Perspektywy wzrostu gospodarki światowej są oceniane jako dobre, ale nadal obarczone sporym ryzykiem. Z czego to ryzyko wynika? Jest ogromny niedobór niektórych produktów, zerwane zostały łańcuch zaopatrzenia - mówił prezes NBP.
Dodał, że we wszystkich krajach nastąpił skokowy wzrost cen energii, co w efekcie doprowadziło do podwyższenia globalnej inflacji.
Wskazał, że obecnie doświadczamy szybkiego odbicia popytu przy wolniejszym ożywieniu podaży.
Odbicie popytu w całej gospodarce skutkuje wzrostem cen energii, która wzrosła w sposób wielokrotny - powiedział.
Prezes NBP powiedział też, że do podwyższenia inflacji doszło we wszystkich krajach wysokorozwiniętych, często do poziomów niewidzianych od lat.
Glapiński zaznaczył, że obecny wzrost cen energii to czynnik prowadzący do zmniejszenia siły nabywczej rodzin, ograniczający wzrost konsumpcji. W normalnej sytuacji prowadziłoby to do spadku popytu. (...) Teraz sytuacja wygląda inaczej - podkreślił.
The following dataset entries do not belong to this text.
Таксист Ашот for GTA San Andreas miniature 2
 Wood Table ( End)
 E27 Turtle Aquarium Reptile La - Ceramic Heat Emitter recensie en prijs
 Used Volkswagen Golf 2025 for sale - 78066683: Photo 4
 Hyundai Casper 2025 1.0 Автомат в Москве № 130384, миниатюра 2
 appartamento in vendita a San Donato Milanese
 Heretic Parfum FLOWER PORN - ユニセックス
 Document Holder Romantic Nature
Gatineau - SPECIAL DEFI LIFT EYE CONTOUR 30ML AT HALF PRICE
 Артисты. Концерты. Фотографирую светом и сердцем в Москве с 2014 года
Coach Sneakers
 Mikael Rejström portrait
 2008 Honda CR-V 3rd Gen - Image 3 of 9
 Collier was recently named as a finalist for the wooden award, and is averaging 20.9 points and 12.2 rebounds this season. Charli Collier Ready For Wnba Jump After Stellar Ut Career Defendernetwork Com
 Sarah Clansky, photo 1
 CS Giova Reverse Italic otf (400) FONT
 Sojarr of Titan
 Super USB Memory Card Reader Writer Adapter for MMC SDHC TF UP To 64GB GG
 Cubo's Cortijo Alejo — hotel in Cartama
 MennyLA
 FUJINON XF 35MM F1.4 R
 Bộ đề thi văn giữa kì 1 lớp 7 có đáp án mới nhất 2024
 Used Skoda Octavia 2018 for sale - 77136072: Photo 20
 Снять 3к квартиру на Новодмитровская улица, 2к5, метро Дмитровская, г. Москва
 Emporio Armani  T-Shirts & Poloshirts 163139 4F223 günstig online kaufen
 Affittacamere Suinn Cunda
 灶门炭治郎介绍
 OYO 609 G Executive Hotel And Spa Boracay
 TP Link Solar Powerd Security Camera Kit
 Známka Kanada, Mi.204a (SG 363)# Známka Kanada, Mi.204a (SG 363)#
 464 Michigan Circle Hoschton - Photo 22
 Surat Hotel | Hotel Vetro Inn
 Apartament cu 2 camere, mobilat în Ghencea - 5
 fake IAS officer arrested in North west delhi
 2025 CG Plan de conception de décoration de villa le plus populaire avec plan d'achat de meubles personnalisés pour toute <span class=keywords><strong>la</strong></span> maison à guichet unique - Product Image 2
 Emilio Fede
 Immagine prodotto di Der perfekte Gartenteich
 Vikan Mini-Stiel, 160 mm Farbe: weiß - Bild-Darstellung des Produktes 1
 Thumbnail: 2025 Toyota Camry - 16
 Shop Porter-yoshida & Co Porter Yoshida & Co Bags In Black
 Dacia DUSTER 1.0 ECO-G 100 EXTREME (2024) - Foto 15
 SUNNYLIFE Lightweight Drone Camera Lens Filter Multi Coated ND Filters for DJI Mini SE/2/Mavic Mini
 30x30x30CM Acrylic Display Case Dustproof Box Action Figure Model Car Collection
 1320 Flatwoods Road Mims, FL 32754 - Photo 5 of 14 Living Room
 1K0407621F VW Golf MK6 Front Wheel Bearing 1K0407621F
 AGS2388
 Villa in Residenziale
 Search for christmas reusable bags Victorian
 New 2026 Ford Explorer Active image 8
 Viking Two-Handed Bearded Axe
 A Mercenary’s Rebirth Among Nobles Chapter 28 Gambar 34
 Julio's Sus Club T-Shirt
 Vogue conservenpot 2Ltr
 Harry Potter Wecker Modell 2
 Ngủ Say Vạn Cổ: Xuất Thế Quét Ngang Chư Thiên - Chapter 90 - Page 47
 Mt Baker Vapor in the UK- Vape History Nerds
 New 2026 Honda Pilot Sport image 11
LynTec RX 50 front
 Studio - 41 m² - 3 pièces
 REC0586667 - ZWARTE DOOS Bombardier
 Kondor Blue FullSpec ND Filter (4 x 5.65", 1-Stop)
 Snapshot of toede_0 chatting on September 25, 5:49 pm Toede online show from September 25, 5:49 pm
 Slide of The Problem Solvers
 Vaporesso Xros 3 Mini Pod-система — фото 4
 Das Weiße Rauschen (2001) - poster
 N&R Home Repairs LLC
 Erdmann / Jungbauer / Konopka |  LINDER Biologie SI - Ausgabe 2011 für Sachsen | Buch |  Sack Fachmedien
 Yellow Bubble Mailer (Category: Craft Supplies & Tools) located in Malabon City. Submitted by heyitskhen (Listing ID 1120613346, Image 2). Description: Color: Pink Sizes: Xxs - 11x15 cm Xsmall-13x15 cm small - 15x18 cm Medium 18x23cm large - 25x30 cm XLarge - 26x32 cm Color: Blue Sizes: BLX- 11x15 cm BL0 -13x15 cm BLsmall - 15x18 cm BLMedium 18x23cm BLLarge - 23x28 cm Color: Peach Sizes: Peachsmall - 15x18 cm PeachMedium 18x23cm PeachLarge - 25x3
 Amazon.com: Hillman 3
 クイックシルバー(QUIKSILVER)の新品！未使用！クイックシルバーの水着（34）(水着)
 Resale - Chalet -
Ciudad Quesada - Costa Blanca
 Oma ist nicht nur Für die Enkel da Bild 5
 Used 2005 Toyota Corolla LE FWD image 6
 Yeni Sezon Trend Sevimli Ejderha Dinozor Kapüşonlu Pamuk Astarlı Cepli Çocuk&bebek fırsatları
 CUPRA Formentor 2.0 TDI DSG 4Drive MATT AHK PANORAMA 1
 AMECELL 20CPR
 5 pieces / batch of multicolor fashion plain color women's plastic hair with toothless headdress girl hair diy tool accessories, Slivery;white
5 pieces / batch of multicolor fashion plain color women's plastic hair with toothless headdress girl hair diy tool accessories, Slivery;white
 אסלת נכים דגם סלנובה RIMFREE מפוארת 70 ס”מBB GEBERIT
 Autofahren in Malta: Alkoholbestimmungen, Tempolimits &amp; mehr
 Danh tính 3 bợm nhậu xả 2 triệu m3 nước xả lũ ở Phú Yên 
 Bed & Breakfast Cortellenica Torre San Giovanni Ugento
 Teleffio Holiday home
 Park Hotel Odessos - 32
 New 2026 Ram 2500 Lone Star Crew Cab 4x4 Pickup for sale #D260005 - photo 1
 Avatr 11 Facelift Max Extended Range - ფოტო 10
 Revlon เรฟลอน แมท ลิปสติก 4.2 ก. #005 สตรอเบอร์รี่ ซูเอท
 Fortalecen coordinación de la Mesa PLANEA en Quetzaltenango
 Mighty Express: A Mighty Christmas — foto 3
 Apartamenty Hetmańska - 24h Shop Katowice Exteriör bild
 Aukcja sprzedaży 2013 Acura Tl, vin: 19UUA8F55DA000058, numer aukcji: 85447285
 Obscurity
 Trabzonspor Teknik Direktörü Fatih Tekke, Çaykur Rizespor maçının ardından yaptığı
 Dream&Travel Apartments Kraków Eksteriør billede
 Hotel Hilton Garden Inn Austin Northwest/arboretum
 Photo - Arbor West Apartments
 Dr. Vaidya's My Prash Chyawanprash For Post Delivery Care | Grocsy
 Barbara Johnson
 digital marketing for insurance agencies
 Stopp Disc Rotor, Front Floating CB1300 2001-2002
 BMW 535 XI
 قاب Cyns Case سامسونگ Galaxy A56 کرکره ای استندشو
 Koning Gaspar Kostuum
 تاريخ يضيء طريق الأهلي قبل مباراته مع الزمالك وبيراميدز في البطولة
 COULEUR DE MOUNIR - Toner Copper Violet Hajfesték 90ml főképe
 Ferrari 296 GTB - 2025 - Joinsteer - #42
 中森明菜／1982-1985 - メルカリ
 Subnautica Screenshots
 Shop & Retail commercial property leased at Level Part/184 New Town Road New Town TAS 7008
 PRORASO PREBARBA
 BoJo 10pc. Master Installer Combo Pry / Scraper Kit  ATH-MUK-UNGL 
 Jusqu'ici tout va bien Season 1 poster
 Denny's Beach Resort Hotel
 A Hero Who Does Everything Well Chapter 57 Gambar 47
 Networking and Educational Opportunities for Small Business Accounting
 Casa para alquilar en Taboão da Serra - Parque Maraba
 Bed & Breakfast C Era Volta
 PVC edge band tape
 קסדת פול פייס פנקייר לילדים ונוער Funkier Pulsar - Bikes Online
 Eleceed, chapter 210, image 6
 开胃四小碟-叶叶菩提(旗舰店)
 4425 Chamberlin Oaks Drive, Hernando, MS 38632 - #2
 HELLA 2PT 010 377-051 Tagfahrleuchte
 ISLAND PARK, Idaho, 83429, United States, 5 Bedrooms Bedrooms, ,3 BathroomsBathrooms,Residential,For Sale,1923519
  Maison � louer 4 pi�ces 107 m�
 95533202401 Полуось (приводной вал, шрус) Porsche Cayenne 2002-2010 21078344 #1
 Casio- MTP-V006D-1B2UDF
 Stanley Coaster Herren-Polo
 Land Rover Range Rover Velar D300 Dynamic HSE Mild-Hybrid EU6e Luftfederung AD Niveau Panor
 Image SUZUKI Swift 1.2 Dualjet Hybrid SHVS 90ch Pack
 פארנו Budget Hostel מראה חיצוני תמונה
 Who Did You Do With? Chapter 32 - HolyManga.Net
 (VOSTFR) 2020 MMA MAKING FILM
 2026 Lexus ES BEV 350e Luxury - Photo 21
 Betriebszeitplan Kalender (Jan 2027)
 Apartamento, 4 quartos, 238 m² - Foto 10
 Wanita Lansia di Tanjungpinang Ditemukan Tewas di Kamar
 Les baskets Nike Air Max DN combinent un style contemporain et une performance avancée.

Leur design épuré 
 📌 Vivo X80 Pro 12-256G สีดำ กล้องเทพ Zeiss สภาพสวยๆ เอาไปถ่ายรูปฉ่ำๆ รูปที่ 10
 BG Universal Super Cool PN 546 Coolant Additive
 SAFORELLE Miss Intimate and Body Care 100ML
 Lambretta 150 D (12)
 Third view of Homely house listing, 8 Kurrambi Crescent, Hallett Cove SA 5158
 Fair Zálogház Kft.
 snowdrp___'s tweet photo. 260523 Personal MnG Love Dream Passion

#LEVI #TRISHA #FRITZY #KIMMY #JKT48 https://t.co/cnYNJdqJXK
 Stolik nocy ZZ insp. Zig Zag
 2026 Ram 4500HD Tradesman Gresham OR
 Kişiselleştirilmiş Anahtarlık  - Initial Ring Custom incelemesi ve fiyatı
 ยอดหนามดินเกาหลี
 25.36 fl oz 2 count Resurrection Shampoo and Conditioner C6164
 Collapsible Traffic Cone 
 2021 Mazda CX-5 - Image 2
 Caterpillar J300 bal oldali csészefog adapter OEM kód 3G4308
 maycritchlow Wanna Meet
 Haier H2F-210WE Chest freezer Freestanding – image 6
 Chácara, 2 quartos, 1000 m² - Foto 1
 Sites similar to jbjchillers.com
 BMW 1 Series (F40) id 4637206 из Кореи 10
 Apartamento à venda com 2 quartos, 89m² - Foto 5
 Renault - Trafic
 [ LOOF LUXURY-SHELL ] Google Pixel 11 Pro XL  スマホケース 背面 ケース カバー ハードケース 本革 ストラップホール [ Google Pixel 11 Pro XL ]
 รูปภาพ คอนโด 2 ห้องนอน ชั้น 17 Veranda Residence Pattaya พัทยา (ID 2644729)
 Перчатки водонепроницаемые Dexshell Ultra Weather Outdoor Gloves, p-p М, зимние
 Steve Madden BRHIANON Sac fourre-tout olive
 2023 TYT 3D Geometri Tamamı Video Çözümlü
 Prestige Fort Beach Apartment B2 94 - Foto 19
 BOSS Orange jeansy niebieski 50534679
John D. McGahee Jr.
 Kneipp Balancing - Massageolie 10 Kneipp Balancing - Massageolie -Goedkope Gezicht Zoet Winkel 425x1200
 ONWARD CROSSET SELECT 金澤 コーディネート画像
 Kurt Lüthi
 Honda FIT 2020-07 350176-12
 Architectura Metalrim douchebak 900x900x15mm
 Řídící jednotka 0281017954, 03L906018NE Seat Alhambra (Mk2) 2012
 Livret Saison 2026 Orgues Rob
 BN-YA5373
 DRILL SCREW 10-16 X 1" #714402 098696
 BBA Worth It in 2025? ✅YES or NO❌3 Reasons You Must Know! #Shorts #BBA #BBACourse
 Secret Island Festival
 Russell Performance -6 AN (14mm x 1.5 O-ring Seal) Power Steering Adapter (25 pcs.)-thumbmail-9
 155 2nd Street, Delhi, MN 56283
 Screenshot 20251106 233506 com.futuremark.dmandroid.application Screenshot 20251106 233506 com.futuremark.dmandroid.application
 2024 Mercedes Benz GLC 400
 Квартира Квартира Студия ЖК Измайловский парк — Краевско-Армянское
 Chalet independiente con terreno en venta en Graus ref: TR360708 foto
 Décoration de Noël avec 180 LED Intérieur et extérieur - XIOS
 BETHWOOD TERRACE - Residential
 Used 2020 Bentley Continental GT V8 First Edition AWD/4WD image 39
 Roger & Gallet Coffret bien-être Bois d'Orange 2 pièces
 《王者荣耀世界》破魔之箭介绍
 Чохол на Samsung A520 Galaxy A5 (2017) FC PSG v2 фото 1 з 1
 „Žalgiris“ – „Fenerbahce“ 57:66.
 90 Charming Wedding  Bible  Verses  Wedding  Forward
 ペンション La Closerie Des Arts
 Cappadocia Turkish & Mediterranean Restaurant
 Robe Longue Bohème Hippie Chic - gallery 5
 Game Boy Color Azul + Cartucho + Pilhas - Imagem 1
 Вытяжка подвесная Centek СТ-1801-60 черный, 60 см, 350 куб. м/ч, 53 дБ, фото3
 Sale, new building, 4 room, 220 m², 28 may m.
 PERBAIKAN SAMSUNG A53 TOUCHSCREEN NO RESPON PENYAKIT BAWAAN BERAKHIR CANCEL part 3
Kurs złotego jest całkowicie płynny - oświadczył Glapiński na konferencji prasowej. Jak dodał, interwencje na rynku walutowym "to nie jest nasza polityka". Interweniujemy tylko, jeśli zachodzi nagła zmiana kursu, która może deformować rynek i zakłócać procesy produkcyjne i inwestycyjne - dodał.
W ocenie Glapińskiego, obecny kurs złotego jest "ukształtowany całkowicie wolnorynkowo", jest też "korzystny dla wzrostu gospodarczego Polski i nie wzbudza żadnego niepokoju, zwłaszcza w świetle problemów podażowych, uderzających w eksport niektórych branż". Kurs się waha ale dla nas jest do przyjęcia i dla gospodarki korzystny - zaznaczył.
W warunkach dużego kraju jak Polska rynek walutowy jest duży, złotówka silna, ingerowanie na tym rynku byłoby błędem, co ustalono już dawno, a kolejne Rady Polityki Pieniężnej tego przestrzegają - mówił prezes NBP. Jak dodał, "walka z tendencją rynkową kursu byłaby szaleństwem, prowadziłaby do strat rezerw, które są dobrem wspólnym, majątkiem wszystkich Polaków i państwa polskiego".